Other than the theme entry of Kobe Beefs, there were other references with ties to Japan in the grid, including the intersecting entries of NOH (56A: [Japanese dramatic art form]) and ITO, who won the silver medal at the 1992 Olympics in figure skating (47D: [Midori on the ice]). Seeing MOO JUICE is going to make me think of that term when looking at milk for probably a few days going forward (2D: [Milk, in diner slang]). Before heading out, I have to post a video of, at the time of watching it in the early 1990s, one of my favorite commercials of all time. A huge part of me now regrets liking this commercial because it does make light of concussions, especially with football players and all the players that have played and are now suffering from CTE. Still, the little kid in me laughs when seeing it again. All I have to say now to introduce this commercial is…I’M BATMAN (3D: [Declaration by the Dark Knight featured in Internet memes]).
“Sports will make you smarter” moment of the day: RAT TAIL (55A: [Hairstyle worn by assorted young Jedis]) – The RAT TAIL has definitely been sported by athletes across the world, but probably the most famous athlete to sport the rat tail is Roberto Baggio, the Italian soccer great who is best known for his penalty miss at the 1994 FIFA World Cup Final in Pasadena that saw Brazil win the title at the expense of Italy. Honestly, this is a MEAN rat tail(s)!
Thank you for the time, and I hope you have a great weekend! See you tomorrow!

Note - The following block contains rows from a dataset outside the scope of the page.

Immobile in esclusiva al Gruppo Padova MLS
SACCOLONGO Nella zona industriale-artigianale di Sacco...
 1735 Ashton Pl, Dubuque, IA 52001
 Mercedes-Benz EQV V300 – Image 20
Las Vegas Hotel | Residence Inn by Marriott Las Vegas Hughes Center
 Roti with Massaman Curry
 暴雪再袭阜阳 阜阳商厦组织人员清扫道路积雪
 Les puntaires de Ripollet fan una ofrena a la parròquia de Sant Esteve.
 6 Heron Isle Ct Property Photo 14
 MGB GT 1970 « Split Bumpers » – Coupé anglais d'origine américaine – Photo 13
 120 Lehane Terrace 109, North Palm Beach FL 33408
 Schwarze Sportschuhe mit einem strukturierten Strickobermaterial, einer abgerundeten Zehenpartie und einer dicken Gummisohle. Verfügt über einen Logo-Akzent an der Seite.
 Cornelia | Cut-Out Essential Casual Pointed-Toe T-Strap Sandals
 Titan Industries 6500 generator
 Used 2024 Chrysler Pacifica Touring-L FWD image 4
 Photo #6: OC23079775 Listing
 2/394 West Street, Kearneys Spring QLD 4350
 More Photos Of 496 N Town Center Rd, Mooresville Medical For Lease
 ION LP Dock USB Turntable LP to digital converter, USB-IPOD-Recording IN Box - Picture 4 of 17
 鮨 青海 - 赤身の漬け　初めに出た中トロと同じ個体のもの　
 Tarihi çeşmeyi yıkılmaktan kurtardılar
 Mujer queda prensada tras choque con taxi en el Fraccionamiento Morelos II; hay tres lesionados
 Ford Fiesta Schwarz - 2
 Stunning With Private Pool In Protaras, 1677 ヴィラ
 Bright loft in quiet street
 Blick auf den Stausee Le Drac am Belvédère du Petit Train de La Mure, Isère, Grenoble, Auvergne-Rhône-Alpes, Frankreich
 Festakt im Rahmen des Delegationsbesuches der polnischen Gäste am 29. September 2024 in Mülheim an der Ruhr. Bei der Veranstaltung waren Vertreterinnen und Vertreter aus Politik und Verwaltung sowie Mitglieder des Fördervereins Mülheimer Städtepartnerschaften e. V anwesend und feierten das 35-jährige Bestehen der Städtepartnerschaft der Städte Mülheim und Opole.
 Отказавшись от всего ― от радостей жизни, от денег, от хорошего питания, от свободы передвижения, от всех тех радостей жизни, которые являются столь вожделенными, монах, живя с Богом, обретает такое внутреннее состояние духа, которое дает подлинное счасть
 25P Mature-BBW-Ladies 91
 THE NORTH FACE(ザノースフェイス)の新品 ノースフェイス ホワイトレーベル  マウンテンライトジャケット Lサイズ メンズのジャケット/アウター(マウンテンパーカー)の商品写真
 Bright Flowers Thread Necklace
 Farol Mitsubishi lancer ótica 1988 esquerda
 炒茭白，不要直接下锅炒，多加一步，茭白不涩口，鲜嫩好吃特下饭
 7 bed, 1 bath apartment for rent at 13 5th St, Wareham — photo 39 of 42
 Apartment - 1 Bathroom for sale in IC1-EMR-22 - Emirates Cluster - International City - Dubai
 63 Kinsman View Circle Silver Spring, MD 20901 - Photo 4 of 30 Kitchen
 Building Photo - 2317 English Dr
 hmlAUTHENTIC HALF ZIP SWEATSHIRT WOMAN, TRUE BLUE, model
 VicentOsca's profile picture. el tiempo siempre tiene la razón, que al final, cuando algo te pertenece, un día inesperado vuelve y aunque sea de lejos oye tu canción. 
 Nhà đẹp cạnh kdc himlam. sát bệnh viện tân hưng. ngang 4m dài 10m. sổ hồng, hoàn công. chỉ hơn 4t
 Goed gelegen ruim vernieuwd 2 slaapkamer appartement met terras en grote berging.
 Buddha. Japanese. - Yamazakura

Elliott M. Abrams’ LA Times crossword – Gareth’s write-up
Today’s puzzle features a combination of two theme tropes: clue-answer reversal, and vowel progression. Clue-answer reversal is never my favourite genre, as it usually results in clumsy answers forced in order to fit the required lengths of the grid. If you had SHAQ in the grid would simply [Ex-NBA Center] ever be the clue? The rest, ARABNOBLE, RAZORBLADEMAKER (though ‘brand’ would fit better, perhaps?), OVERWHELM and OPENOYSTERS work. The vowel progression part seems a little wonky in that you have short a, long a, short i, short o, short u. Or do Americans pronounce SHEIK sheck?
Not a who lot to highlight outside of the theme:
- [Fortress of Solitude], JOREL – Wait, Superman has a lair?
- [“Thou,” in the Keats lines “When old age shall this generation waste, / Thou shalt remain … a friend to man”], URN – excellent extra-effort clue, that!
- [1989 Jack Nicholson role], THEJOKER. Balance for JOREL!
- [Dachshund docs], VETS. Would have used “dachsie” myself, although the shortening is indicated by ‘docs’.
- [Many a pro athlete’s pride], TAT. You wanted ABS, didn’t you? I did!